Butter versus margarine.
She’s team butter, always has been. I’m known to use both—whatever’s in the fridge, honestly. But then I mentioned something I’d heard years back, one of those facts that sticks with you even if you’re not sure it’s entirely true:
“Margarine is supposedly one molecule away from being plastic.”
She stopped. Looked at me. Said she wanted to learn how to make butter.
And just like that, I was back in Ms. Johnson’s classroom at Deaf Smith Elementary, watching a mason jar full of cream make its way around a circle of nine-year-olds, each of us shaking it like our lives depended on it until—somehow, like magic—it turned into actual butter.
I told my girl: “Making butter is easy.” 
Because it is.
But also?

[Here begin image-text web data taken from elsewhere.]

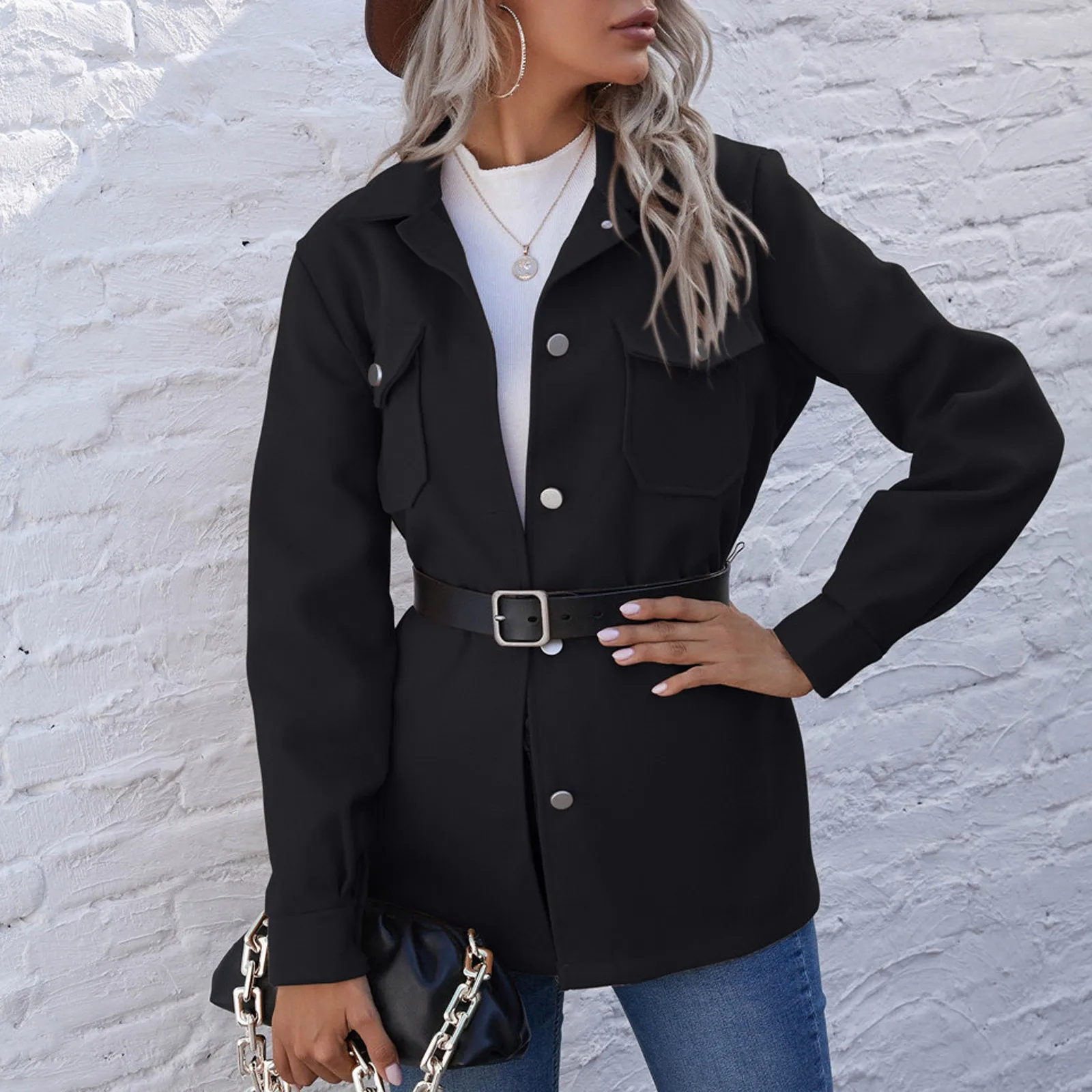

Autumn Winter Women's Casual Fashion Solid Colors Long Sleeve Turndown Collar Pocket Single Breasted Slim Woolen Coat Outwear#g3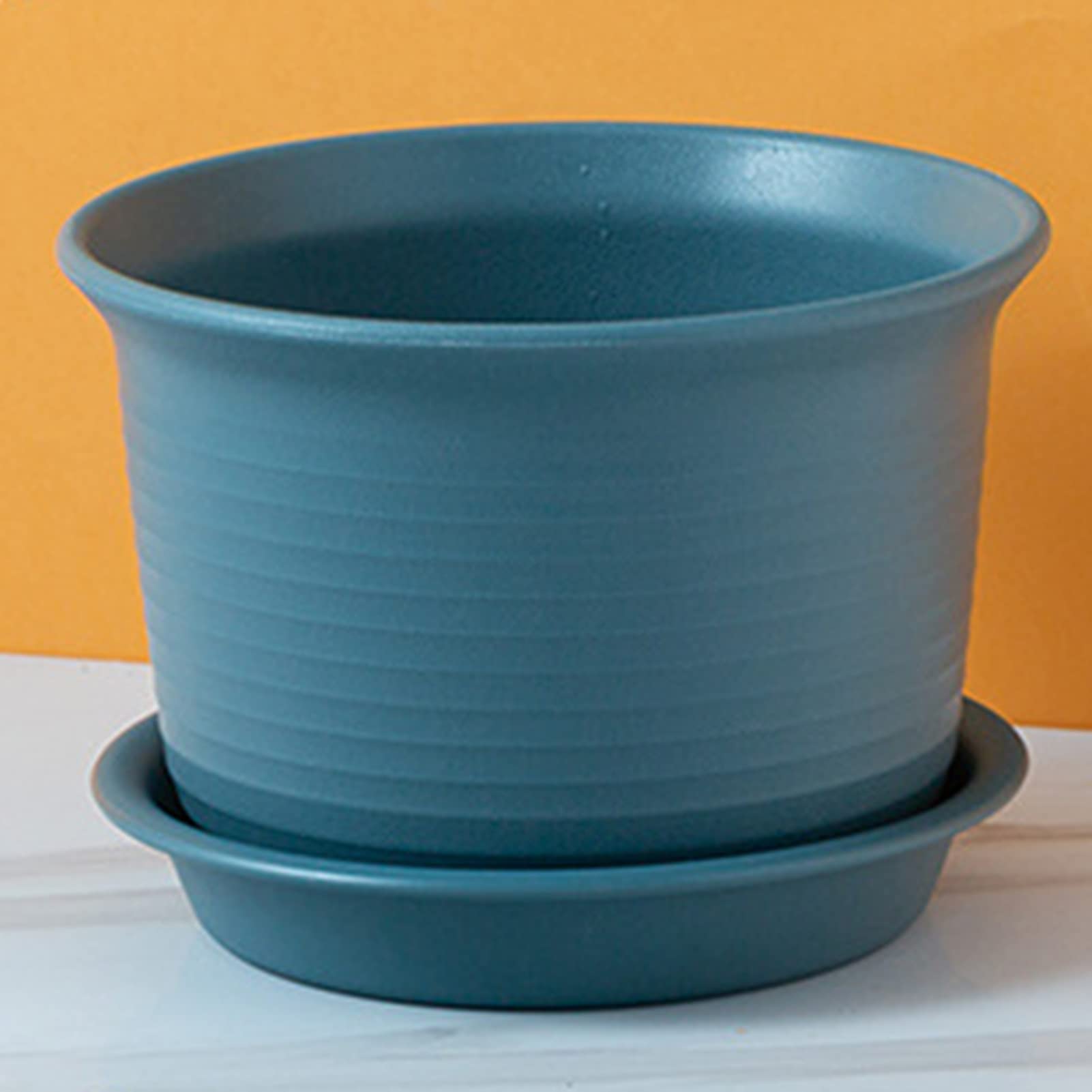 Vibrant Thickened Flower Pot with Saucer - Durable Garden Planter for Indoor & Outdoor Plants, Home Decor in Sunny Yellow | Perfect for Succulents, Herbs & Floral Displays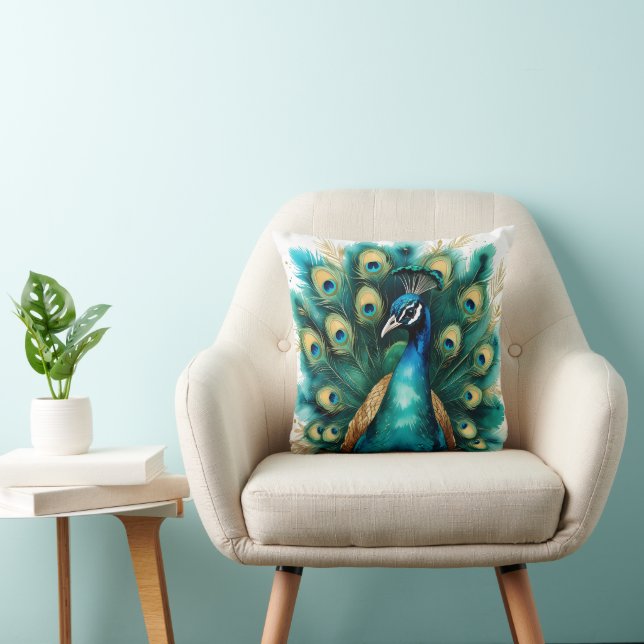 Elegant Watercolor Peacock Feather Throw Pillow (Chair)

It’s more than that.
The Margarine Question Nobody Wants to Answer
Let’s talk about that “one molecule away from plastic” thing for a second.
Is it literally true? Eh, kind of. Margarine and plastic aren’t the same thing, but they share some structural similarities at the molecular level—both involve hydrogenation, chemical processing, and a whole lot of laboratory intervention. The point isn’t that margarine is plastic. The point is that margarine is so far removed from anything that grows, lives, or exists in nature that comparing it to industrial materials isn’t even that much of a stretch.

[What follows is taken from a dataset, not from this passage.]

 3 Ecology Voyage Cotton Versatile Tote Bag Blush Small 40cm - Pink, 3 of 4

Butter? Butter is cream that got agitated until the fat separated from the liquid. That’s it. Cream → shake → butter. A process humans have been doing for thousands of years, long before anyone had a chemistry lab or a marketing budget.
Margarine? Margarine is vegetable oil that got chemically altered—hydrogenated—so it would solidify at room temperature and spread like butter. It was invented in 1869 by a French chemist responding to a challenge from Napoleon III, who wanted a cheap butter substitute for the army and the poor.
From day one, margarine was about replacing real food with something cheaper to produce and easier to control. And for decades, corporations convinced people it was healthier than butter—better for your heart, lower in saturated fat, the modern choice for modern people.
Then the science caught up. Turned out those trans fats created by hydrogenation? Way worse for you than the natural fats in butter. So bad that the FDA eventually banned artificial trans fats in 2018.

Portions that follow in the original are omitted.